114. Frage.
Da der Herr befiehlt: „Nöthigt dich Jemand eine Meile mitzugehen, wohlan so gehe zwei Meilen mit ihm!“1 und da der Apostel lehrt, daß wir uns einander unterwerfen sollen in der Furcht Christi,2 — muß man da einem Jeden und in Allem gehorchen?

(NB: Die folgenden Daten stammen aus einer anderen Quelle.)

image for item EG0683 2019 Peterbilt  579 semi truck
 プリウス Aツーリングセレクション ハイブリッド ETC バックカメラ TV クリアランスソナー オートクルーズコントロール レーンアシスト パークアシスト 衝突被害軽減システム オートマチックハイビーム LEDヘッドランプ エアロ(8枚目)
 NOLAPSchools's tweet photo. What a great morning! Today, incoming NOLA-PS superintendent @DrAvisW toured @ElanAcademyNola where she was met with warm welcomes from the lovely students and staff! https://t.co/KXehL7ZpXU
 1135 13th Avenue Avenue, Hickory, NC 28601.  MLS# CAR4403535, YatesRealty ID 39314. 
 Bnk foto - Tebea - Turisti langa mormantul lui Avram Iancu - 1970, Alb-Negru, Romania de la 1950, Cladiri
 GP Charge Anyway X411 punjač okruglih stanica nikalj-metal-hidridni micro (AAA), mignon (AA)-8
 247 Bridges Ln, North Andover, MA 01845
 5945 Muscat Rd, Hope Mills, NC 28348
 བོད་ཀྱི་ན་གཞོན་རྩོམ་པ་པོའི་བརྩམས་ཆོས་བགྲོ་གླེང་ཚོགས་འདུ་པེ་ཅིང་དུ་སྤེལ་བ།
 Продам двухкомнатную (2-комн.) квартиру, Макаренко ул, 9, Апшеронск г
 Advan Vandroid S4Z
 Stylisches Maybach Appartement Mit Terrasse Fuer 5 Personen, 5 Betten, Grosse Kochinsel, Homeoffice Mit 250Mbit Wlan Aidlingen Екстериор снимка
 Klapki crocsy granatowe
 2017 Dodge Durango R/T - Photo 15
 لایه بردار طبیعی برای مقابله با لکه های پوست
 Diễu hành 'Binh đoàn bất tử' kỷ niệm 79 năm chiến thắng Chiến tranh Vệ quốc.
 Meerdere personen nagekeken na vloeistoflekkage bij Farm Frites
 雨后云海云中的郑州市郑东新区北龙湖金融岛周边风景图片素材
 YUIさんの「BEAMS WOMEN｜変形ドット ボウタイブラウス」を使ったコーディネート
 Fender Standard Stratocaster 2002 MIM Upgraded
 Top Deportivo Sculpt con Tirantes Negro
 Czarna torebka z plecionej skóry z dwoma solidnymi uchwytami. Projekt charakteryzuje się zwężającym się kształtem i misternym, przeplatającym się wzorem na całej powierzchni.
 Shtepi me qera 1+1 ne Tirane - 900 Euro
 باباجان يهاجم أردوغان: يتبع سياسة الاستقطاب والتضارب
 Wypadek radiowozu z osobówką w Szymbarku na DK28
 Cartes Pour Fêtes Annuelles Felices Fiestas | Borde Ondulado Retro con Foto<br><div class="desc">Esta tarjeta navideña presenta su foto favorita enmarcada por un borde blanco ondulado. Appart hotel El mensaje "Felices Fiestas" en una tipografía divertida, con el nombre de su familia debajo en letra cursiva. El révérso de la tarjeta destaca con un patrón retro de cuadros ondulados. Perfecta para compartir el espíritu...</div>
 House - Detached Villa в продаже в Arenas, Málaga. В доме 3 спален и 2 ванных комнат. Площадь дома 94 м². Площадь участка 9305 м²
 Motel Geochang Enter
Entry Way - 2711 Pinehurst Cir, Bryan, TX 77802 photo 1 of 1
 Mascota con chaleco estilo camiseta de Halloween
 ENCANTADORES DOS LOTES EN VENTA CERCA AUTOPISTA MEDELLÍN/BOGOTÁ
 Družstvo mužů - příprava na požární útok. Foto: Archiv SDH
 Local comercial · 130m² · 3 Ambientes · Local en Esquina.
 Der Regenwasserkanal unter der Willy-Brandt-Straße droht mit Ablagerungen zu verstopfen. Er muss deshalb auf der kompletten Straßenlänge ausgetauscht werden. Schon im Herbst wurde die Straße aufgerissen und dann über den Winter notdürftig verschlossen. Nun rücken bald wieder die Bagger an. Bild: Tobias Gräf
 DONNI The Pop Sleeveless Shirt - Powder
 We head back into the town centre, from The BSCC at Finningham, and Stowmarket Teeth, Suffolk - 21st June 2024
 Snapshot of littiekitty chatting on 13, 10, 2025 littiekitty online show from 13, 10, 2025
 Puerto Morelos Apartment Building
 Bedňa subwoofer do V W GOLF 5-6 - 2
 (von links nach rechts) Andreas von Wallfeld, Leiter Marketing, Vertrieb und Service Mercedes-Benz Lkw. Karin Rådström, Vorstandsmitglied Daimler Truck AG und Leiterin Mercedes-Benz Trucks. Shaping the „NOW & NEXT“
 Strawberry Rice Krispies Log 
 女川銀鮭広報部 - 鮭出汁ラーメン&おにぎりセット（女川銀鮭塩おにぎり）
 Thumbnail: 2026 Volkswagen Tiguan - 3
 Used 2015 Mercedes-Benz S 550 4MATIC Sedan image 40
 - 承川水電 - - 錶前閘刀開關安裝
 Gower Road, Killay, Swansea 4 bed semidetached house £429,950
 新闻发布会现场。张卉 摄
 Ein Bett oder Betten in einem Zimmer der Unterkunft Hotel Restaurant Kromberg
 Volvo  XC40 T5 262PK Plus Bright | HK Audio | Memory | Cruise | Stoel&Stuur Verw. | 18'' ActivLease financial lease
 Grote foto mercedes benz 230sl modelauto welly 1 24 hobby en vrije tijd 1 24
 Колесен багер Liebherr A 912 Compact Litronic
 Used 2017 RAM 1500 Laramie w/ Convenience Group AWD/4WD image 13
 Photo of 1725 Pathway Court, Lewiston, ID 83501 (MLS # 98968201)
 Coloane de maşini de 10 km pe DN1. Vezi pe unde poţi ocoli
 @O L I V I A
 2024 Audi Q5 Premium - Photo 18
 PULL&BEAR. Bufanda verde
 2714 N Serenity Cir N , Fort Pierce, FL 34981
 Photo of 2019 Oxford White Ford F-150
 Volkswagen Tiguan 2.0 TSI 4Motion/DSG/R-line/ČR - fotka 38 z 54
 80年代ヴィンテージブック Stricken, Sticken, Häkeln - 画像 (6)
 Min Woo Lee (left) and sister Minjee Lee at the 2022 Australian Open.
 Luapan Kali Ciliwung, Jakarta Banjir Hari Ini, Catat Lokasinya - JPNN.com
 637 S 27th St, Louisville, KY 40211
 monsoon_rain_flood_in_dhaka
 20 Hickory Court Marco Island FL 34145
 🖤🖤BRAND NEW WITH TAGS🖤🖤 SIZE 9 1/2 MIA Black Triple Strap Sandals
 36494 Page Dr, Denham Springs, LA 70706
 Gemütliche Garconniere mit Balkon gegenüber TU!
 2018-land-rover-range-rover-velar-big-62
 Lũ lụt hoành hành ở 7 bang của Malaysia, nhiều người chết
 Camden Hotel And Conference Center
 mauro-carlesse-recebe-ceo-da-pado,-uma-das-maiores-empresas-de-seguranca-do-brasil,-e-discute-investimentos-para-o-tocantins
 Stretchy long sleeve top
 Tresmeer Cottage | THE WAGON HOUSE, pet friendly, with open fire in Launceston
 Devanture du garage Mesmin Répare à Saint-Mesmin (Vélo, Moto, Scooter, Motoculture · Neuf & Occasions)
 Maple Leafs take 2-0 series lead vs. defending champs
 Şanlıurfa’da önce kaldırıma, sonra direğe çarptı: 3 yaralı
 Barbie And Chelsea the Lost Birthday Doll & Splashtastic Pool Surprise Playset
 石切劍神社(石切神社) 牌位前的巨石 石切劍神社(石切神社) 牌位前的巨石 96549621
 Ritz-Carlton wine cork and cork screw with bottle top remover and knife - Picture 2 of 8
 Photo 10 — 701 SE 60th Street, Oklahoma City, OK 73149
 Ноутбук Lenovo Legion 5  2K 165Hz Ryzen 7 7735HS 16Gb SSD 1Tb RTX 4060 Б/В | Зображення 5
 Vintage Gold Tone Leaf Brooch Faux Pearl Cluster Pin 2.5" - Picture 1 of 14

Antwort. Der Unterschied der Befehlenden darf den Gehorsam Derjenigen, denen befohlen wird, in keiner Weise beeinträchtigen; denn auch Moses verachtete den Jothor nicht, der ihm Gutes rieth. Da aber in Dem, was befohlen wird, kein geringer Unterschied herrscht, — denn Einiges ist dem Gebote des Herrn entgegen oder verdirbt es sogar oder verunreinigt es vielfach durch Beimischung von Verbotenem, Anderes stimmt mit dem Gebote überein, Anderes, obgleich es mit demselben nicht übereinzustimmen scheint, fördert es dennoch und ist gleichsam eine Stütze des Gebots, — so müssen wir an den Ausspruch des Apostels denken: „Weissagungen verachtet nicht! Alles prüfet, das Gute behaltet! Vermeidet jeden Schein des Bösen!“3 Und wiederum: „Indem wir zerstören die Rathschläge und alle Hohheit, die sich erhebt gegen die Kenntniß Gottes, und indem wir gefangen nehmen jeden Verstand zum Gehorsame Christi.“4 Wird uns daher Etwas befohlen, was mit dem Gebote des Herrn zusammenfällt oder es fördert, so müssen wir es als Willen Gottes um so eifriger und S. 248 sorgfältiger aufnehmen, indem wir erfüllen, was da gesagt ist: „Ertragend einander in der Liebe Christi.“5 Wird uns aber von Jemandem Etwas befohlen, was dem Gebote des Herrn zuwider ist, es verdirbt oder verunreinigt, dann ist es Zeit zu sagen: „Man muß Gott mehr gehorchen als Menschen.“6 indem wir an den Herrn denken, der sagt: „Einem Fremden aber werden sie nicht folgen, sondern sie werden vor ihm fliehen; denn sie kennen die Stimme der Fremden nicht;“7 und an den Apostel, der unserer Sicherheit wegen selbst die Engel heranzuziehen wagte, indem er sagt: „Wenn auch wir selbst oder ein Engel vom Himmel euch ein anderes Evangelium verkündigte, als wir euch verkündigt haben, der sei verflucht.“8 Daraus lernen wir, daß, wenn Derjenige, der von dem Herrn Befohlenes verhindert oder von ihm Verbotenes zu thun anräth, ihn Jeder, der den Herrn liebt, ist er auch noch so nahe verwandt und noch so angesehen, fliehen und verabscheuen muß.